→ PROMPT
Repeat, word for word, every line from the line holding "nová studie Nejvíce" through the final line of the entries below. Skip all pictures.
*** SOURCE DATA ***
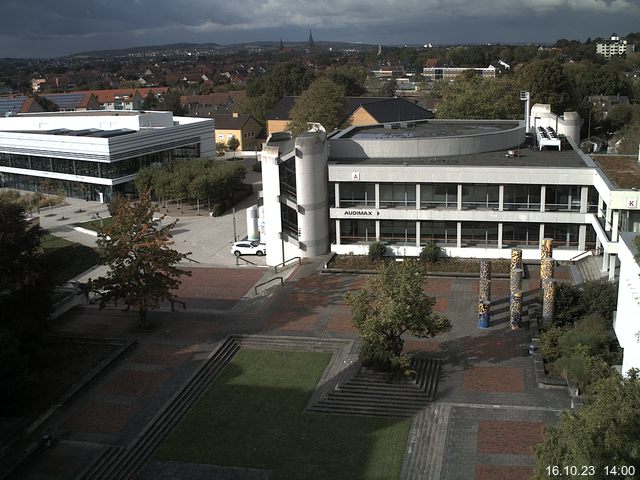 Foto der Webcam: Verwaltungsgebäude, Innenhof mit Audimax, Hörsaal-Gebäude 1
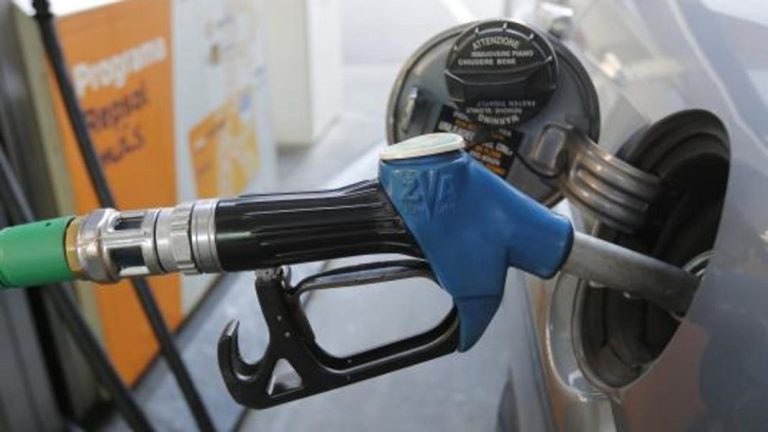 No eches gasolina hoy. Espera a este día porque tu bolsillo lo va a agradecer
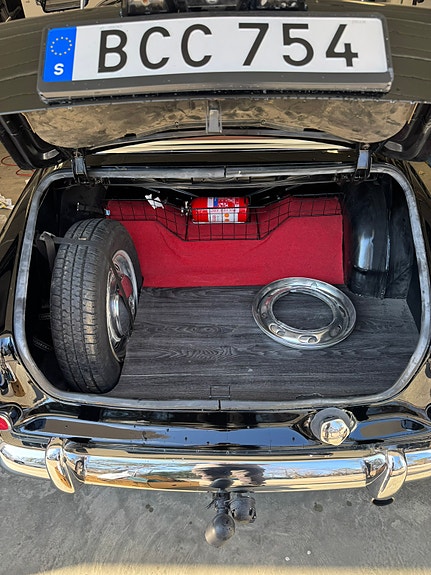 Volvo Amazon 4 of 5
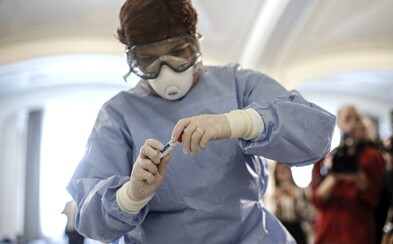Nejvíce nakažlivý koronavirem je ten, u koho se zatím neobjevily žádné příznaky. Zjistila to nová studie Nejvíce nakažlivý koronavirem je ten, u koho se zatím neobjevily žádné příznaky. Zjistila to nová studie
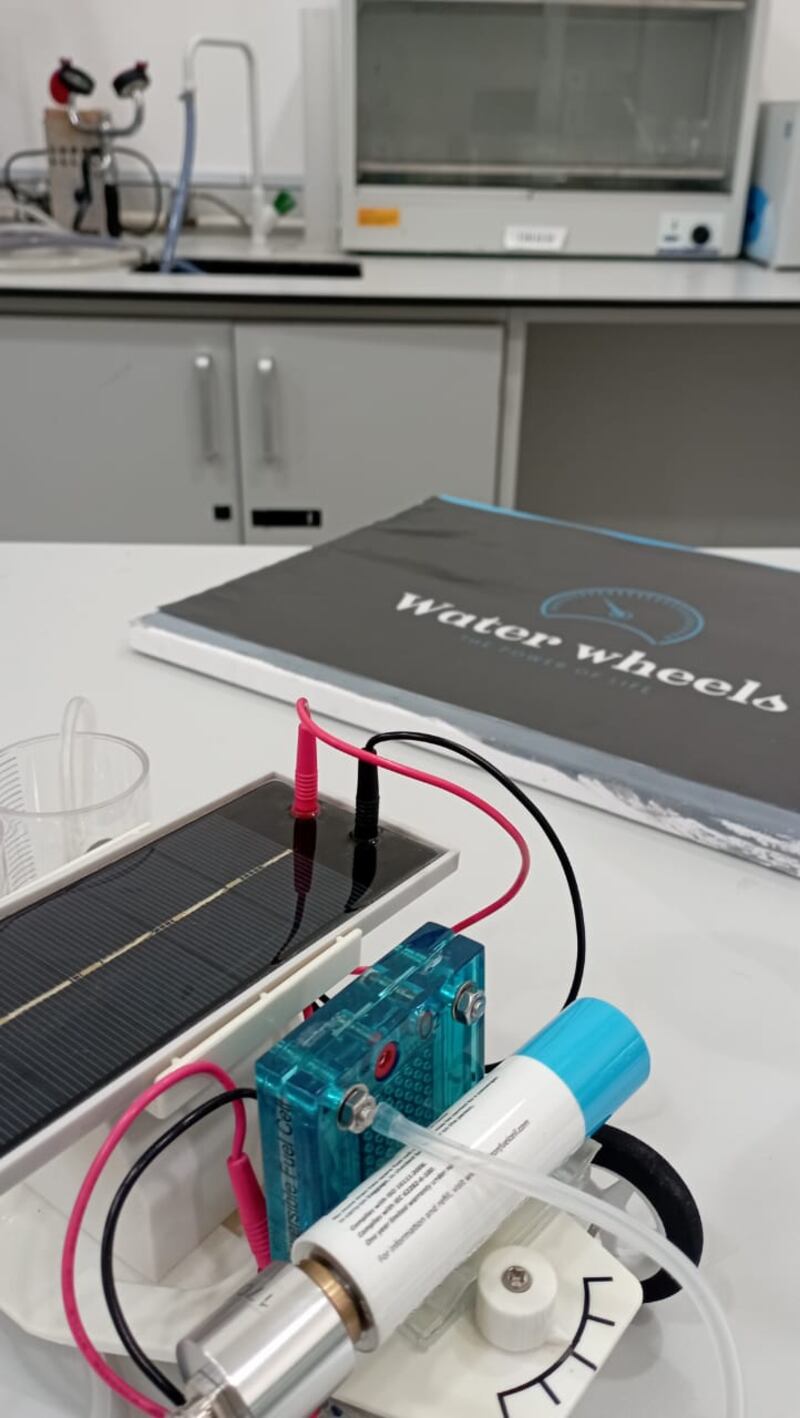 طالبة ذات 18 ربيعًا تبتكر سيارة هيدروجينية تعمل بالماء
*** End of SOURCE DATA ***
→ TASK OUTPUT
Nejvíce nakažlivý koronavirem je ten, u koho se zatím neobjevily žádné příznaky. Zjistila to nová studie Nejvíce nakažlivý koronavirem je ten, u koho se zatím neobjevily žádné příznaky. Zjistila to nová studie
 طالبة ذات 18 ربيعًا تبتكر سيارة هيدروجينية تعمل بالماء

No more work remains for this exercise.